**SOURCE DATA**.
• • •

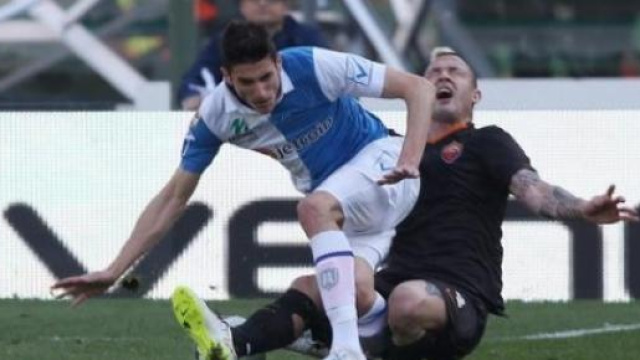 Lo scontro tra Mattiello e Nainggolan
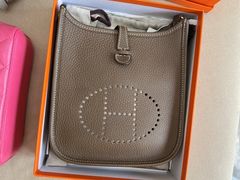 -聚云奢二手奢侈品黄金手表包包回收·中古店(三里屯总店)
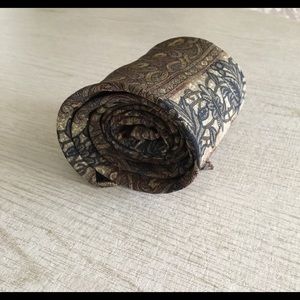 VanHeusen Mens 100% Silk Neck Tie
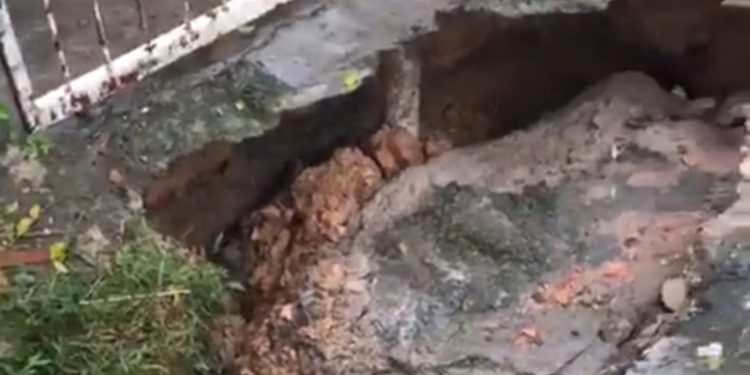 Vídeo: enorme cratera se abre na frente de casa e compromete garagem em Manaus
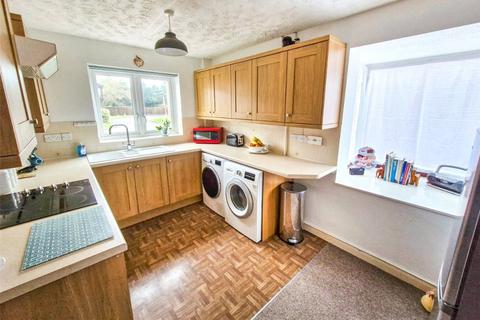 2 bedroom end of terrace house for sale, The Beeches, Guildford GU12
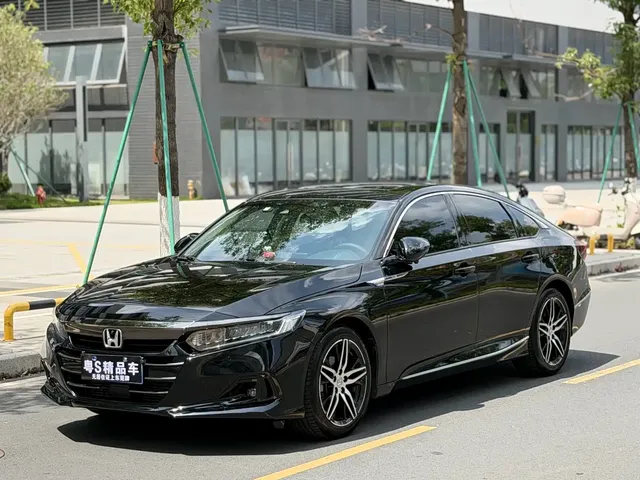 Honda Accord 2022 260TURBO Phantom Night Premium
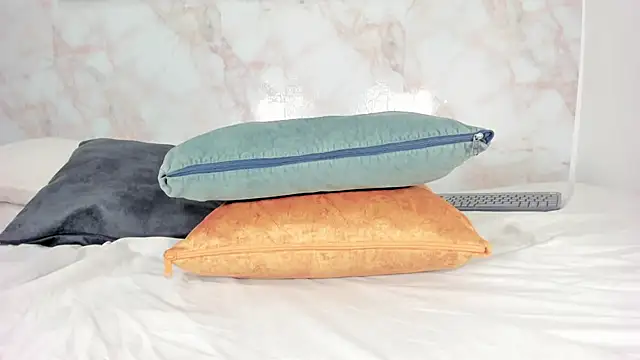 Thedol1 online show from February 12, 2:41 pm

• • •

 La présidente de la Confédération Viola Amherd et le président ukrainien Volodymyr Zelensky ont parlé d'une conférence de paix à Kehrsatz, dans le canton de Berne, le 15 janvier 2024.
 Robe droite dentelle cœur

• • •

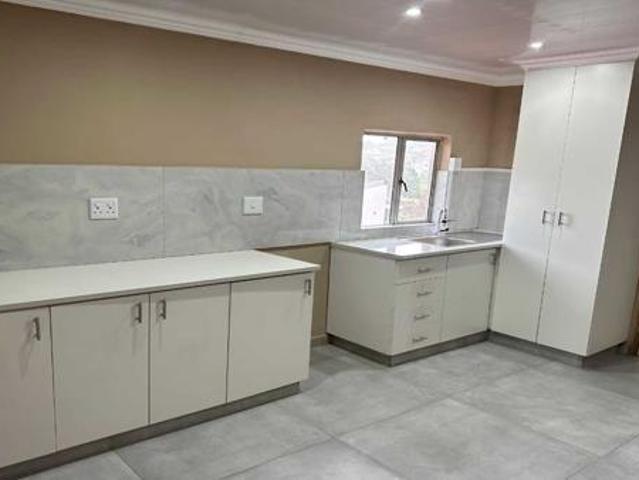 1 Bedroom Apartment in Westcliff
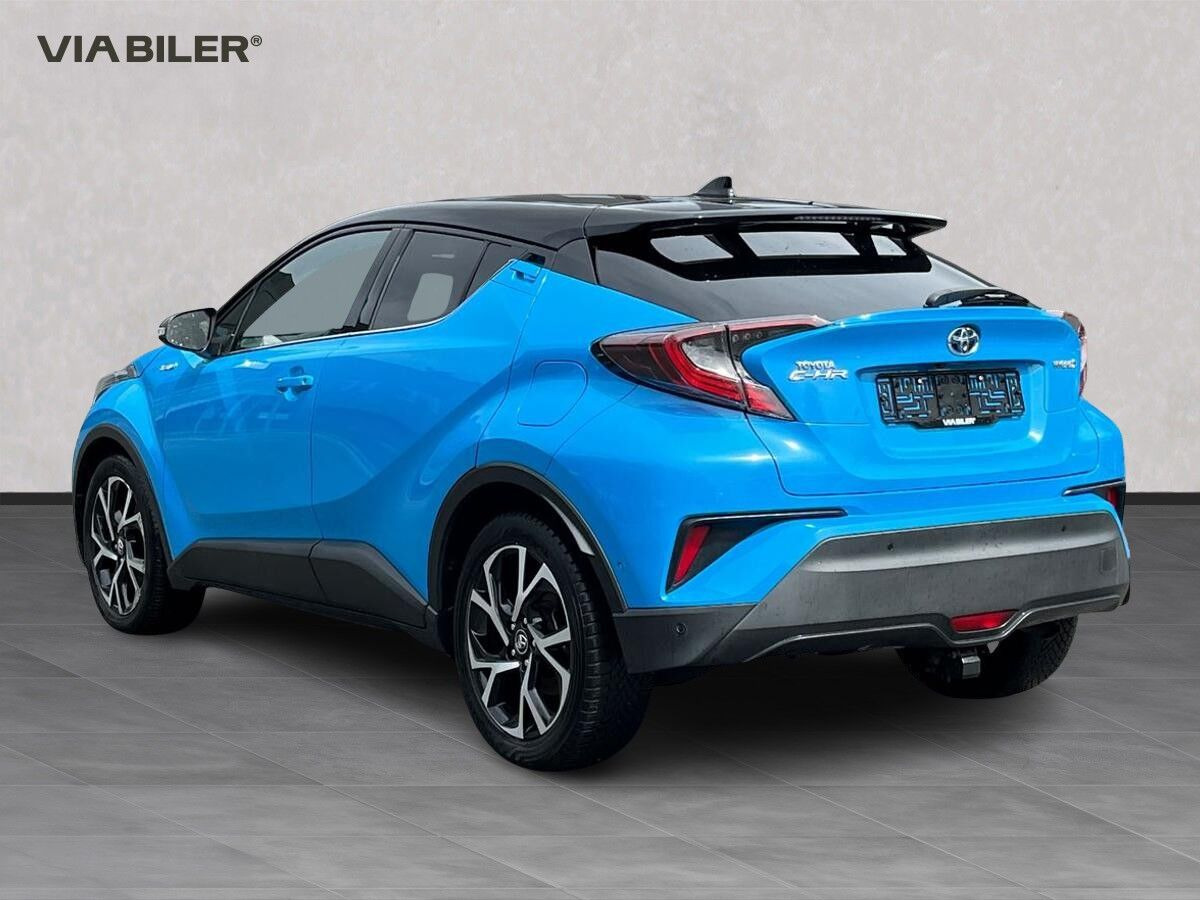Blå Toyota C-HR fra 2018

• • •

**WHAT YOU HAVE TO DO**.
Look above for the line with "VanHeusen Mens 100% Silk Neck Tie" and the line with "Thedol1 online show". Output those two and everything between them exactly, pictures excluded.

**OUTPUT FOR THIS TASK**.
 VanHeusen Mens 100% Silk Neck Tie
 Vídeo: enorme cratera se abre na frente de casa e compromete garagem em Manaus
 2 bedroom end of terrace house for sale, The Beeches, Guildford GU12
 Honda Accord 2022 260TURBO Phantom Night Premium
 Thedol1 online show from February 12, 2:41 pm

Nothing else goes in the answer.